### Instructions for the task
Range to copy from the entries below: the line containing "high-waisted crepe palazzo" through the line containing "26 Pack DIY", inclusive. Retype only those lines, exactly, without any images.

### Available data
########
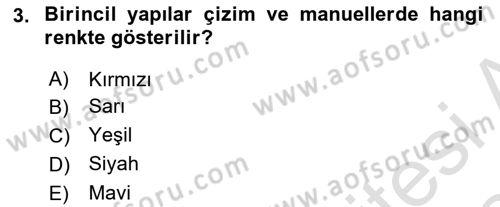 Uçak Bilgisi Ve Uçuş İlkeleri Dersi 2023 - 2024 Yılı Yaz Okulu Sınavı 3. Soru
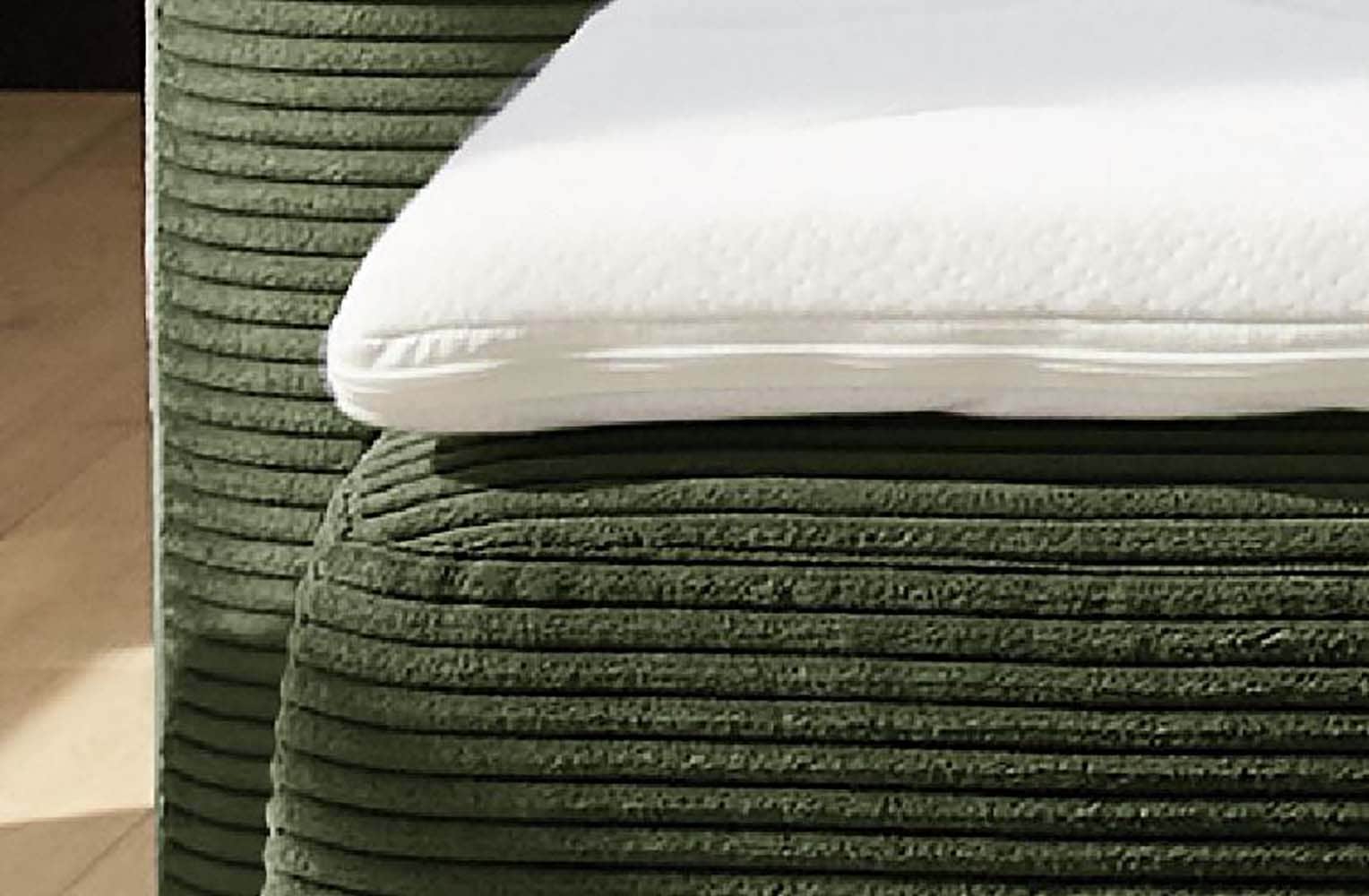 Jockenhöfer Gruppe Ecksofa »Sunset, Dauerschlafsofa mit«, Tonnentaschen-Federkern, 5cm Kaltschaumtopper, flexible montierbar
########
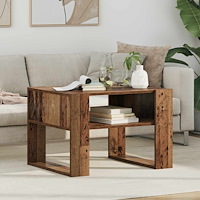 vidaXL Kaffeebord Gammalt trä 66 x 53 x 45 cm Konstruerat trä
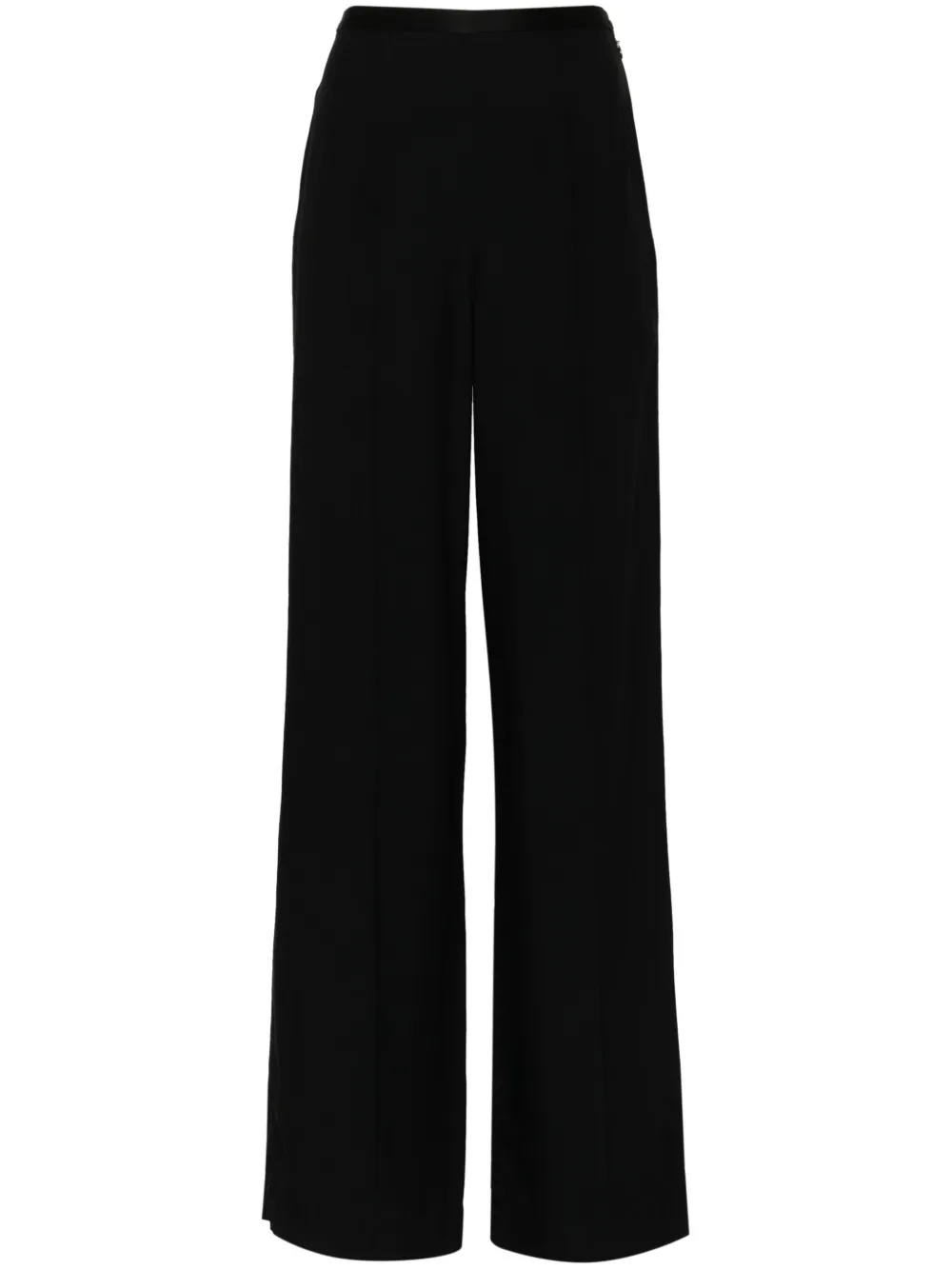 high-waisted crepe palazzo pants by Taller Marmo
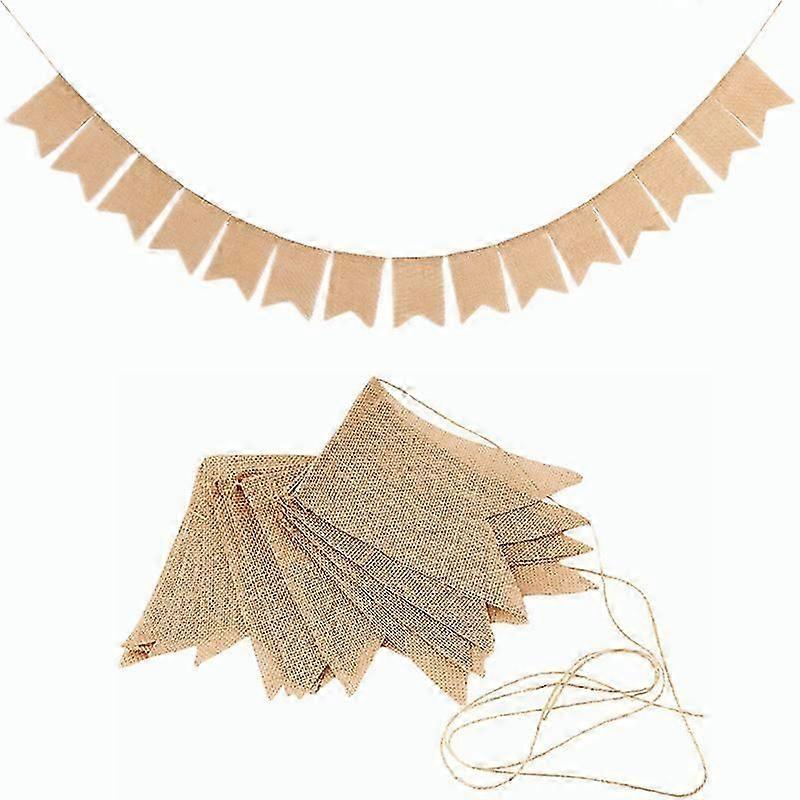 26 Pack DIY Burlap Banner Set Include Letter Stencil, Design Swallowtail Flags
########
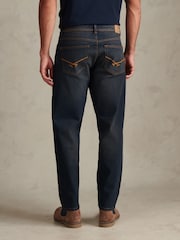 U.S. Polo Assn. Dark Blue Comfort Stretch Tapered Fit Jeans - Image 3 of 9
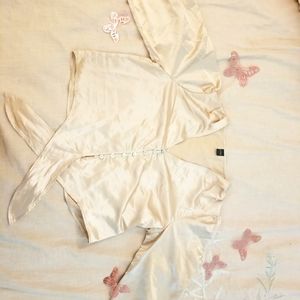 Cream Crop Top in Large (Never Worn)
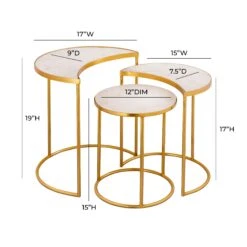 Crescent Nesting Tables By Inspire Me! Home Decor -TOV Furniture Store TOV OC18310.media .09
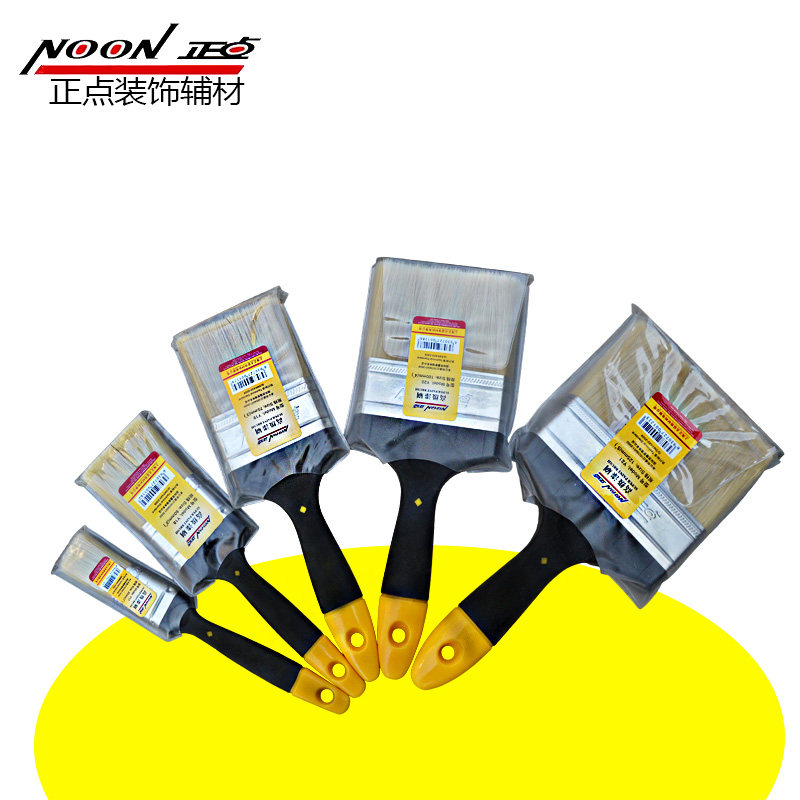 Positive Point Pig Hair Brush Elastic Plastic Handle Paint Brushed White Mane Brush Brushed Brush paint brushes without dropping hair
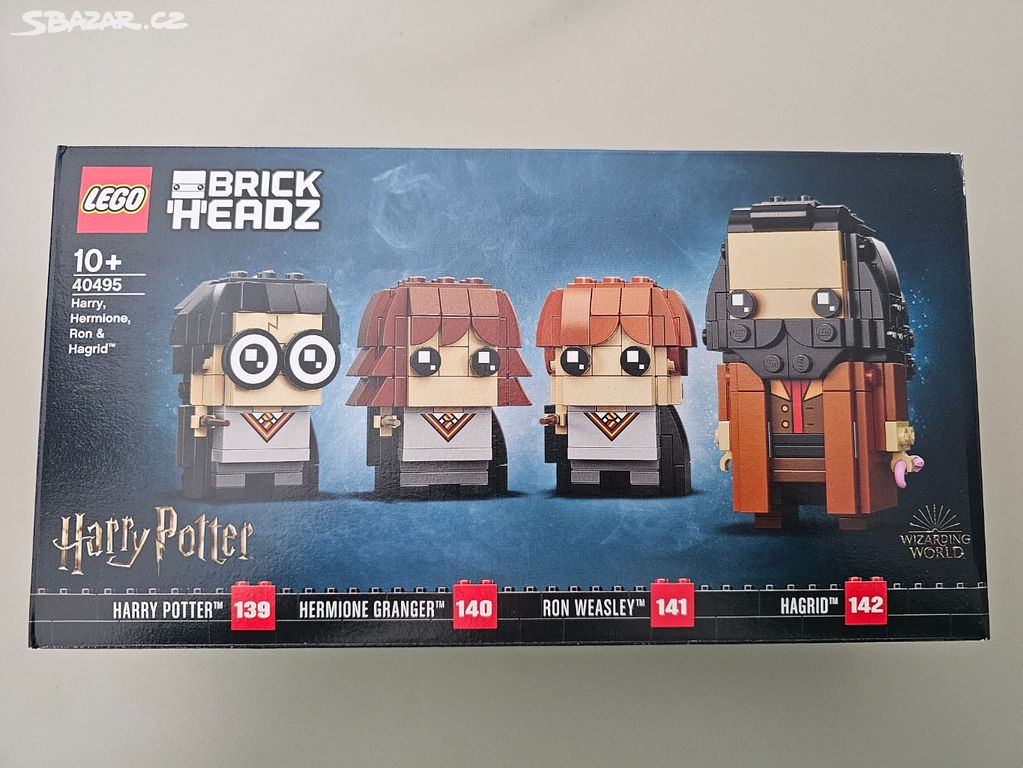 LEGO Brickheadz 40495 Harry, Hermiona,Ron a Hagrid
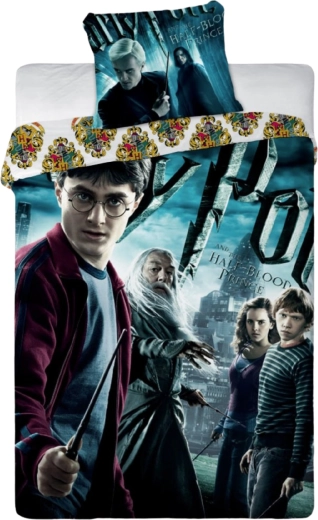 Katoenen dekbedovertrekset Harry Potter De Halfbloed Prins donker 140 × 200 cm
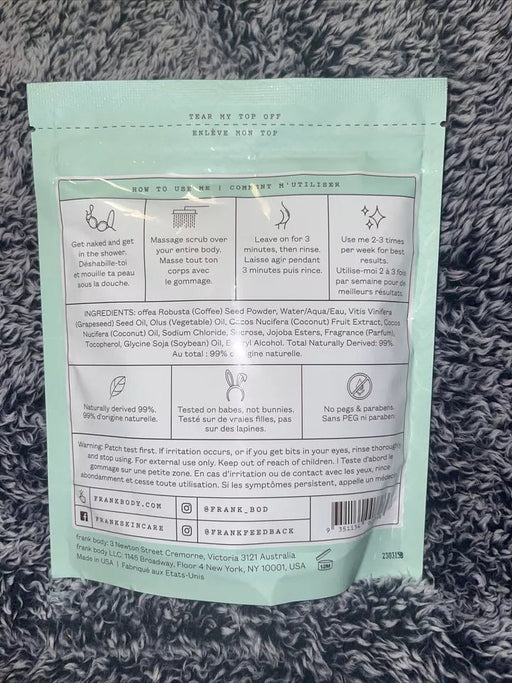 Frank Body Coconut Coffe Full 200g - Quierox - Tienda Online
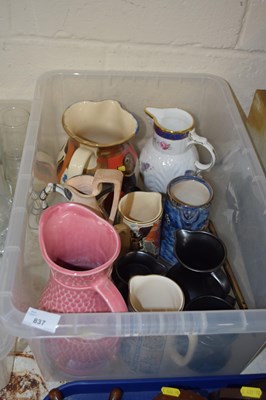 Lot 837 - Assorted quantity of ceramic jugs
########
### Response
 high-waisted crepe palazzo pants by Taller Marmo
 26 Pack DIY Burlap Banner Set Include Letter Stencil, Design Swallowtail Flags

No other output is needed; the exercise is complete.